Filed 07/25/05, No. 03-1931
Johnson v. Atty Gen USA
(Precedential, which means it can be relied on and cited in other cases)

The Equal Access to Justice Act is a law that will pay attorney's fees for someone who vindicated his or her rights in overturning an agency's action. This helps encourage people to go through the expensive task of standing up for their rights. As a safeguard, the law allows the government to avoid paying the attorney's fees if the government can show its position was substantially justified.

The Third Circuit ruled that an individual will be considered the victor (the prevailing party) anytime the Third Circuit overturns a BIA decision and remands the case for further proceedings. The individual is immediately the prevailing party, even if it's unclear whether the individual will ultimately win after many other unrelated issues are resolved on remand.

The Third Circuit also clarified what the government must show to prove its position was substantially justified.

The Supreme Court has held that, as used in the EAJA,
“substantially justified” does not mean “justified to a high
degree” but instead means “justified in substance or in the
main—that is, justified to a degree that could satisfy a
reasonable person.” Pierce v.

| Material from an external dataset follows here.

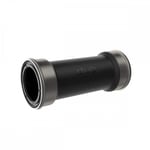 SRAM DUB PressFit (Road) 86.5mm Bottom Bracket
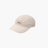 E-SIERRA CHALK Running Cap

Underwood, 487 U.S. 553, 565
(1988). Put another way, substantially justified means having a
“reasonable basis in both law and fact.” Id. (internal quotation
omitted). Thus, “[a] court must not assume that the
government’s position was not substantially justified simply
because the government lost on the merits.” Kiareldeen v.
Ashcroft, 273 F.3d 542, 554 (3d Cir. 2001).

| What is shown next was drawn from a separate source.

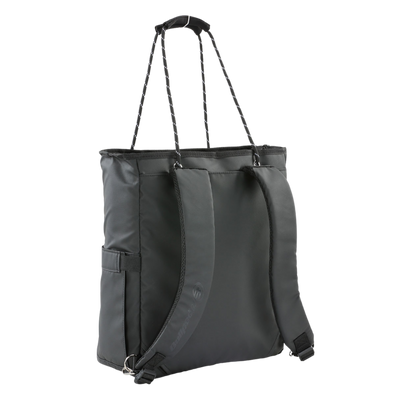 Bullpadel BPP25226 Draagtas W bone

Importantly, the Third Circuit reiterated that in immigration cases, the Government must meet the substantially justified test twice—once with regard to the underlying agency action and again with regard to its litigation position in the proceedings arising from that action.

The Third Circuit granted EAJA fees in this case because the asylum seeker in his second hearing submitted a "mixed motive" theory that the persecution he suffered was partially based on a protected ground, even though the motive may have also been mixed with other unprotected grounds. For example, that he was persecuted for his imputed political opinion (his attackers believed he held a political opinion they disliked) along with other reasons (such as personal dislike or general lawlessness).

The immigration judge and the BIA rejected his claim without addressing his viable theory that he was the victim of persecution that had a mixed motive. The Third Circuit ruled that failing to analyze his mixed motive theory was a legal error that was not substantially justified. Therefore, it awarded fees.

The lawyer spent 82 hours of work on just the asylum portion of the appeal to the Third Circuit (there were other parts to the appeal, too) and at the statutorily prescribed $125 per hour plus modest costs, the total reimbursement was $10.800.

Friday, July 22, 2005

Overturning BIA for mischaracterizing asylum claim

Filed 07/22/05, No. 03-4731
Vente v. Atty Gen USA
(Vente v. Gonzalez)

The Third Circuit overturned the BIA's denial of an asylum claim because the BIA mischaracterized the claim.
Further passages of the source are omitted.